Baby rubber plant, also known by its botanical name, Peperomia obtusifolia, is a succulent perennial native to tropical America. Commonly grown as a houseplant in most areas of the United States, baby rubber plant thrives outdoors in USDA hardiness zones 10 and 11. Gardeners value this small, compact plant for its thick, waxy foliage, ornamental flowers and ease of care. In warm climates, the plant serves as an outdoor ground cover, although it rarely reaches over 12 inches in height.
Site and Soil
In zones 10 and 11, baby rubber plant requires an outdoor planting location that receives partial to full shade and consists of moist, well-drained soil of average fertility. In all other zones, gardeners grow the plant indoors in shallow pans, hanging baskets or decorative containers, as long as they have drainage holes in the bottom. The best growing medium for the plant contains equal parts loam, sand and peat moss, though any well-drained potting soil will suffice. Indoor plants need bright, indirect sunlight. Placing them in an east-facing window provides just the right amount of light for the plant to thrive. Never expose to full sunlight, as the delicate leaves are prone to scorching.
Baby rubber plant requires temperatures above 50 degrees Fahrenheit or cold damage may occur. For ideal growing conditions, plants grown indoors need temperatures of 60 to 65 degrees during the night and 85 degrees during the day. The plant may survive warmer temperatures, however, and tolerates cooler temperatures during the winter months. Baby rubber plants also benefit from spending warm spring and summer months in a partially shaded area outdoors, but they must return indoors before temperatures drop below 50 degrees.

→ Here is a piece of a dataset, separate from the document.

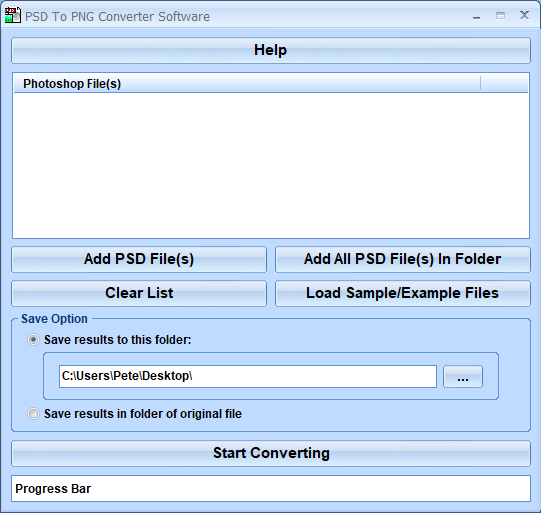 screenshot of psd-to-png-converter-software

Extremely dry soil causes baby rubber plant to drop its leaves, while consistently wet soil may cause root or stem rot. Water only when the soil becomes dry, usually about once every 10 to 14 days for indoor plants and once every week for outdoor plants. Outdoor plants require a thorough soaking at each watering, while indoor plants perform best when watered from the bottom. Place the plant's container in a saucer of water and allow the soil to absorb as much water as it can through the drainage holes. Make sure to remove any excess water afterward to prevent rotting. Reduce watering in winter to once every three to four weeks, as the plant grows less actively during this time. Using room-temperature water prevents shocking the plant.

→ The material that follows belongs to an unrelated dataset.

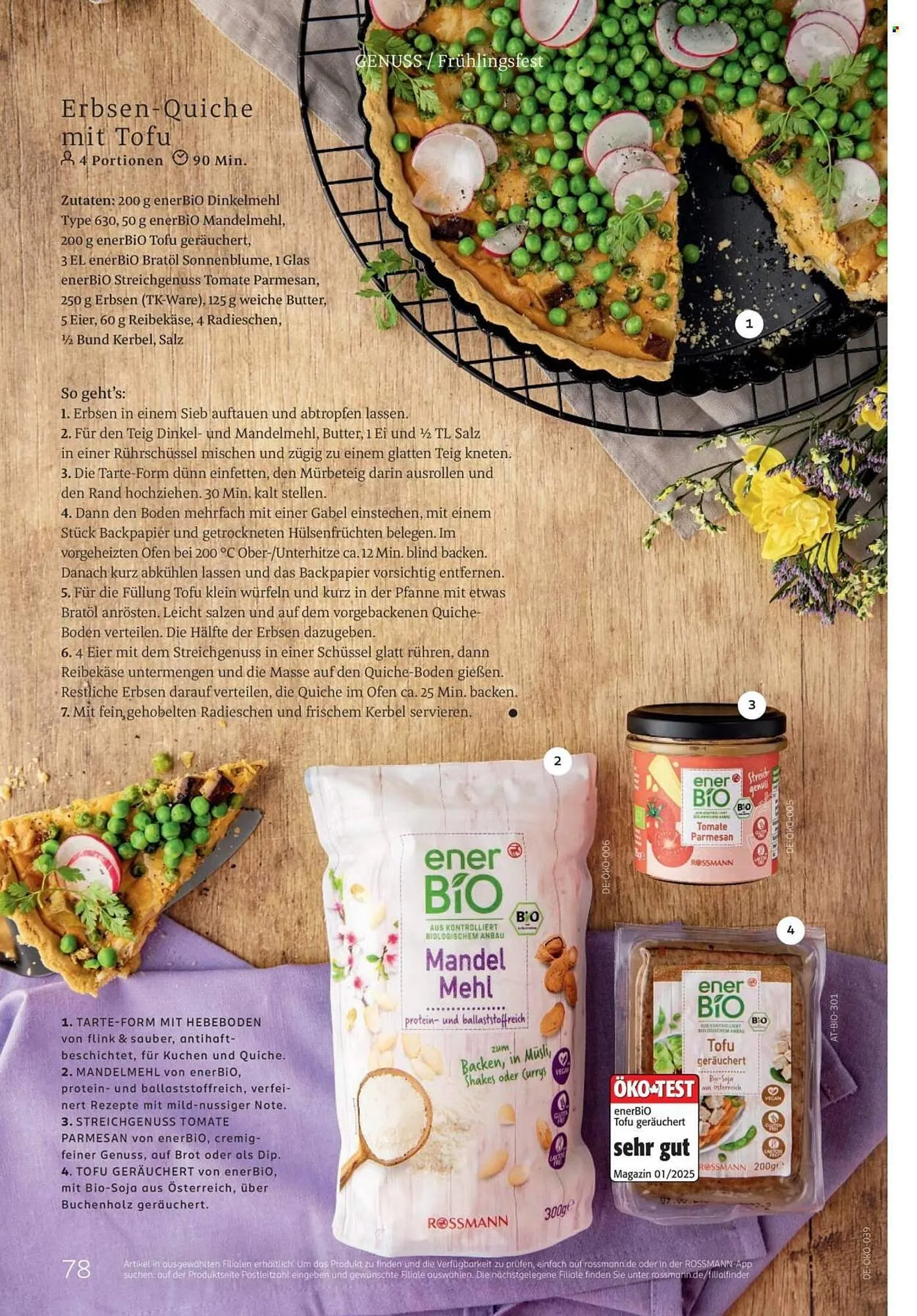 Rossmann Magazin von 1. April bis 30. April 2026 - Prospekt seite 78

Baby rubber plants need little supplemental fertilizer and overly fertile soil may cause excessive, leggy and unattractive growth. Feeding indoor plants once every six months with a balanced houseplant fertilizer diluted to half the recommended strength provides adequate nutrition. Outdoor plants require applications of a foliar spray fertilizer diluted to half strength once every three to four months, except during the winter. Never use granular fertilizers to feed baby rubber plant, as these could damage the tender leaves.
As a general rule, baby rubber plant prefers to remain slightly pot-bound when grown indoors. The plant requires re-potting only once every three or four years. Re-pot in early spring before new growth begins and choose a slightly larger container, just large enough to hold the roots without causing damage. Fill the container with fresh soil and avoid watering newly re-potted plants until the soil becomes quite dry.

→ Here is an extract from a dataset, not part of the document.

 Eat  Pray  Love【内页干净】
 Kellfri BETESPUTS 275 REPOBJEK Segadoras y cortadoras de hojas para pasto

Propagation by division or cuttings produces the best results. If propagating by division, divide the plant into several pieces with roots attached during re-potting, then place each new baby rubber plant in a container filled with well-drained potting soil. To propagate by taking cuttings, remove a stem from the plant, remove the lower leaves from the stem, and then place the cutting in a cool, dry place for several hours to allow a protective skin to form over the cut. Cuttings placed in moist compost in bright, indirect light produce roots quickly. Pot the new plants in containers filled with well-drained potting soil as soon as they take root.